▶

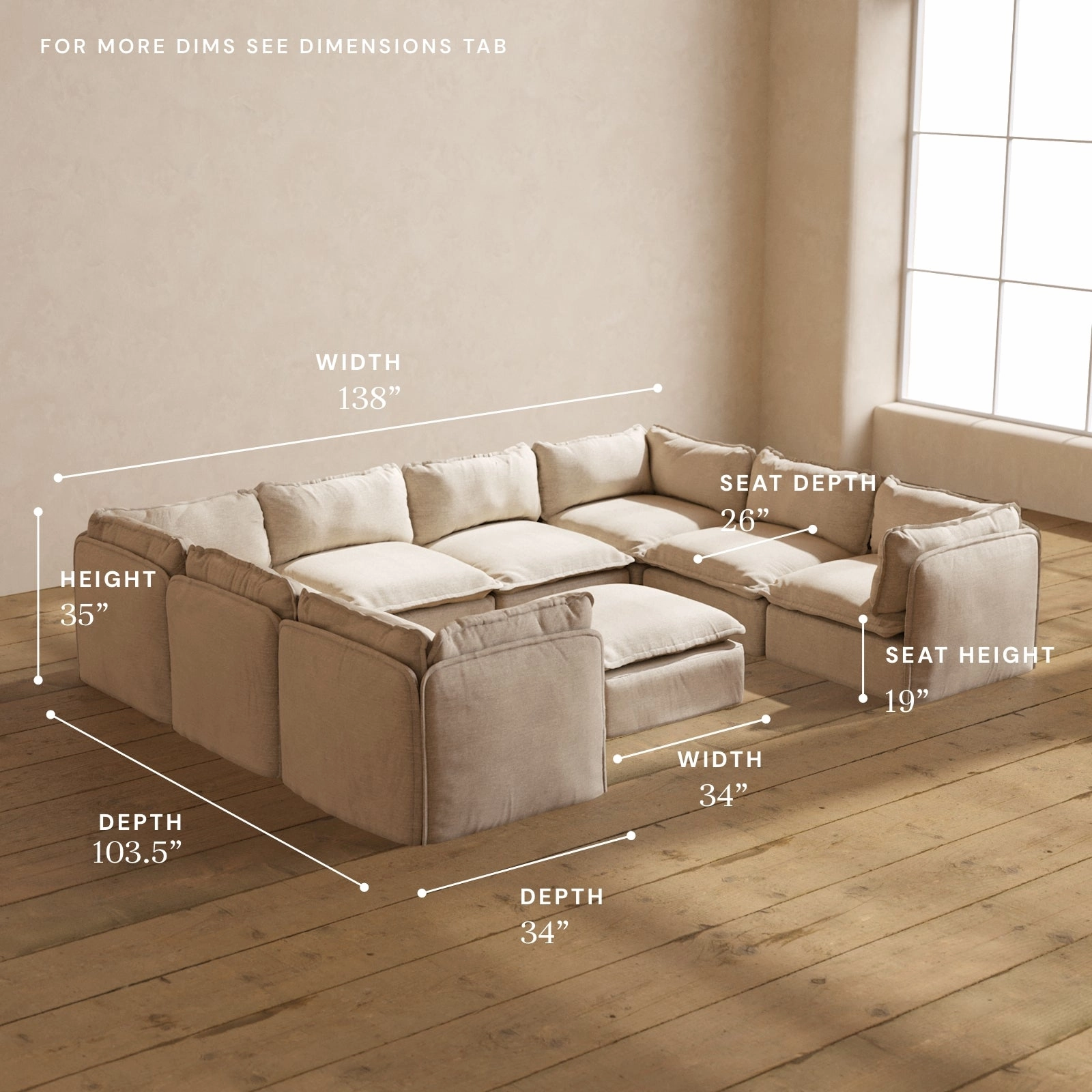 Modular Performance 8-Seater U-Sectional   Ottoman in Oat | Relaxed Blend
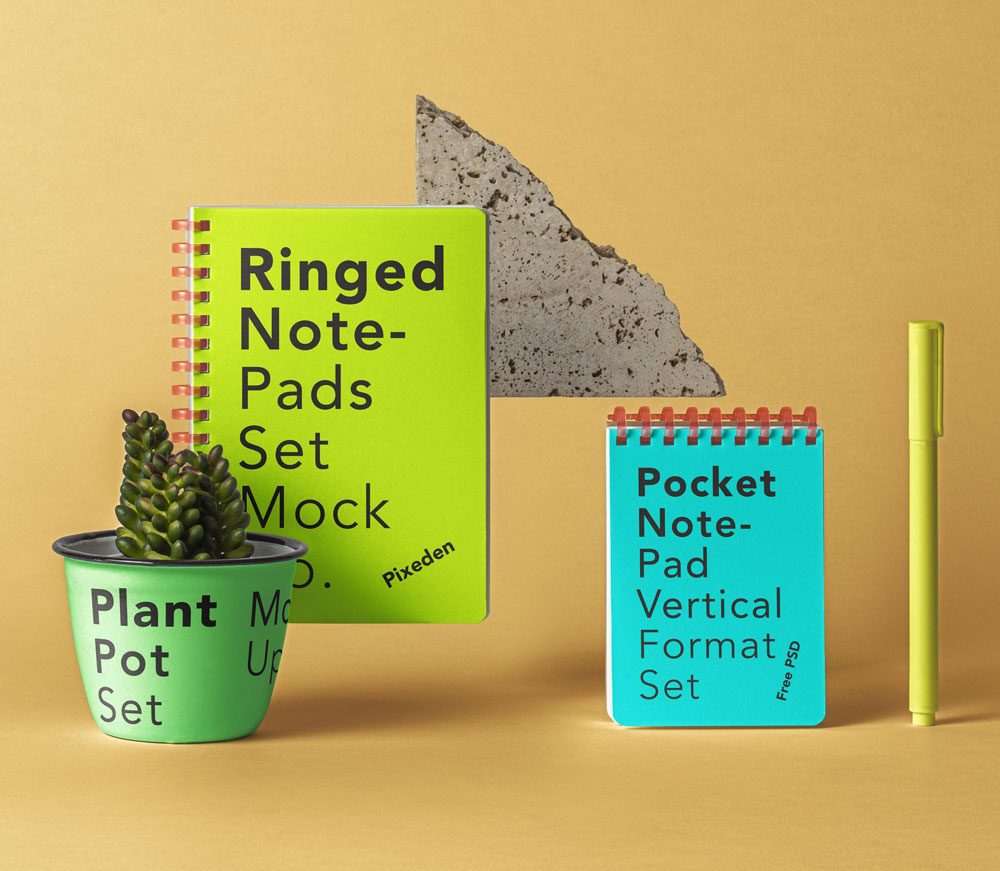 Free Ringed Notepad Mockup PSD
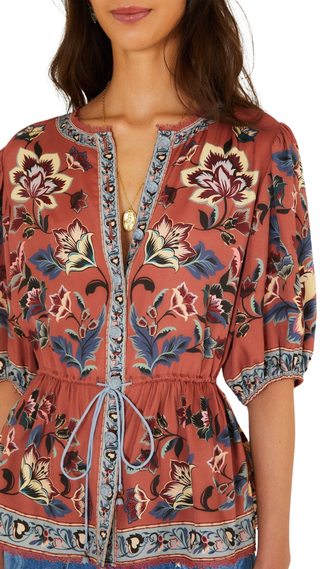Floral Beauty Tapestry Blouse, Floral Beauty Tapestry Blush Pink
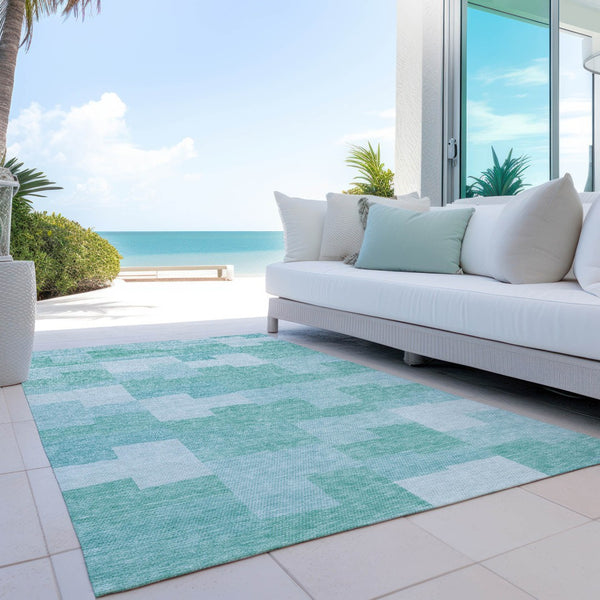 Homeroots 3' Stylish Beige Ivory And Brown Geometric Washable Area Rug For Indoor Outdoor Spaces 5' X 8' Polyester 580413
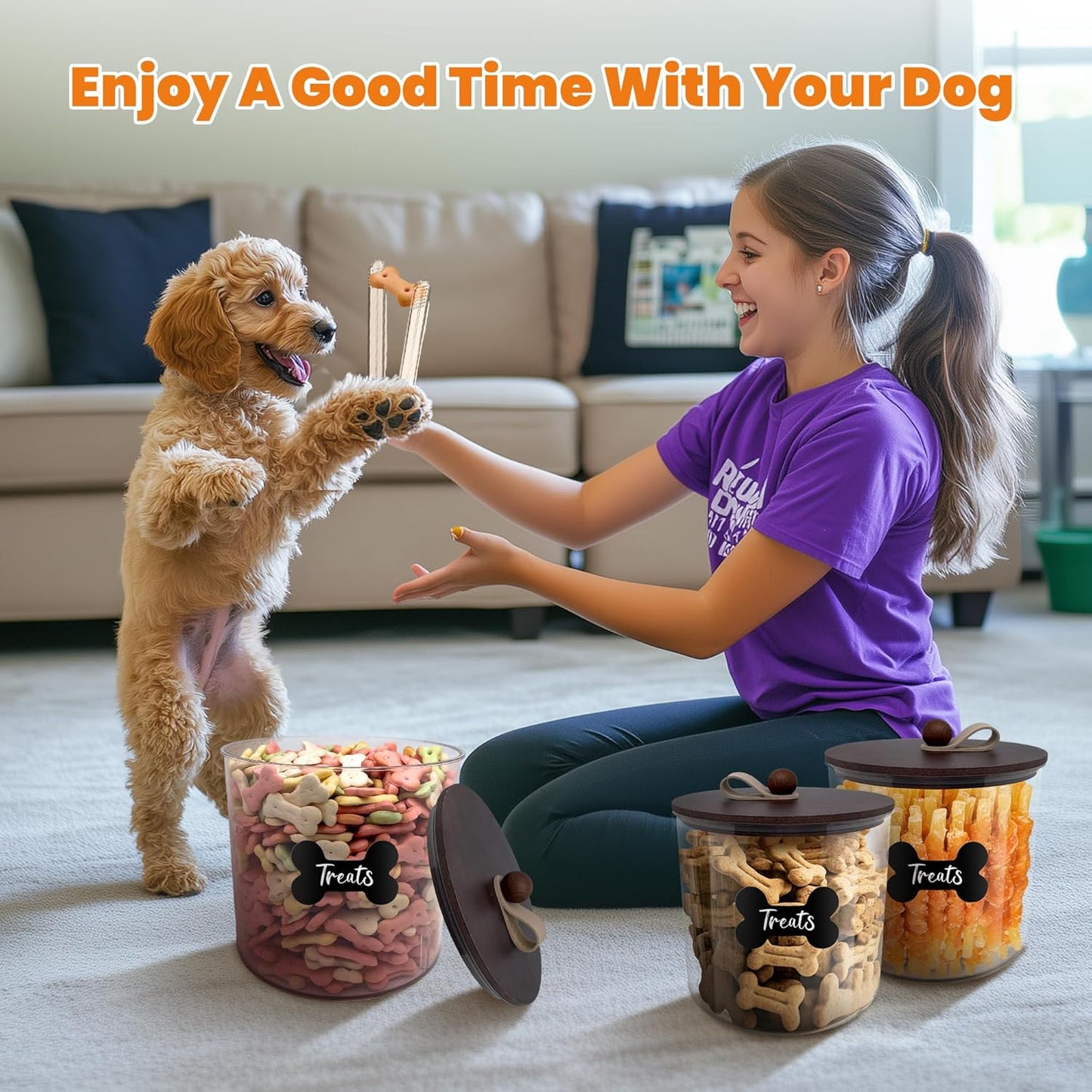 HOYTAMDAR 3 Pack Airtight Dog Food Storage Container, Dog Treat Container Dog Food Container with Wood Lids 8x7''&6x5'',Pet Food Storage Container,Cat Food Containers with Scoops,Clamp,Labels,Pens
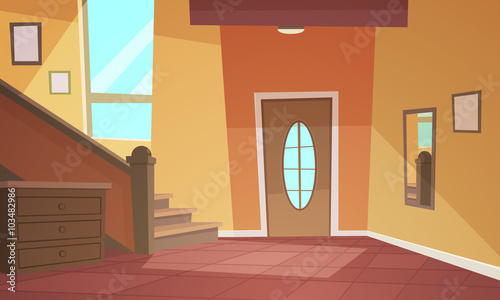 Cartoon illustration of retro style house hallway.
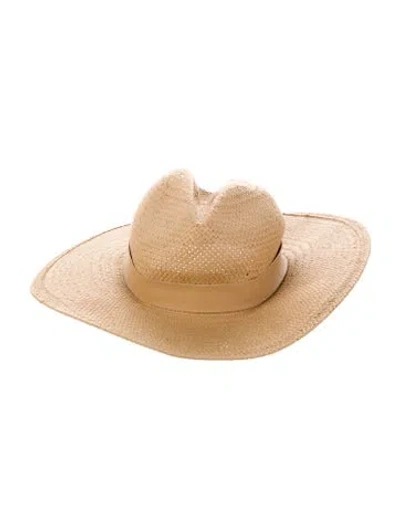 Pre-owned Janessa Leone Straw Hat In Neutral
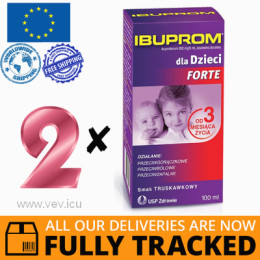 2 x IBUPROM FOR CHILDREN FORTE 200MG 100ML — MADE IN POLAND — FREE SHIPPING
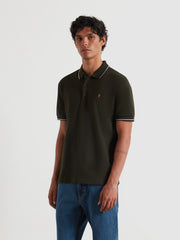 Elton Tipped Polo Shirt (Evergreen) Front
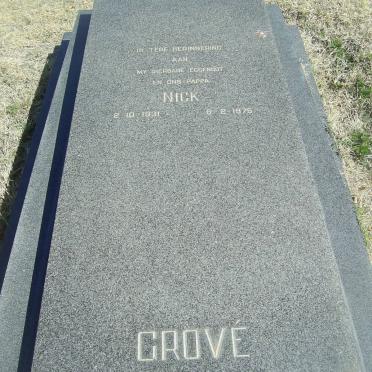 GROVE  Nick 1931-1975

◀

Please output all of the data exactly as given, omitting any images it holds.

 Modular Performance 8-Seater U-Sectional   Ottoman in Oat | Relaxed Blend
 Free Ringed Notepad Mockup PSD
Floral Beauty Tapestry Blouse, Floral Beauty Tapestry Blush Pink
 Homeroots 3' Stylish Beige Ivory And Brown Geometric Washable Area Rug For Indoor Outdoor Spaces 5' X 8' Polyester 580413
 HOYTAMDAR 3 Pack Airtight Dog Food Storage Container, Dog Treat Container Dog Food Container with Wood Lids 8x7''&6x5'',Pet Food Storage Container,Cat Food Containers with Scoops,Clamp,Labels,Pens
 Cartoon illustration of retro style house hallway.
 Pre-owned Janessa Leone Straw Hat In Neutral
 2 x IBUPROM FOR CHILDREN FORTE 200MG 100ML — MADE IN POLAND — FREE SHIPPING
 Elton Tipped Polo Shirt (Evergreen) Front
 GROVE  Nick 1931-1975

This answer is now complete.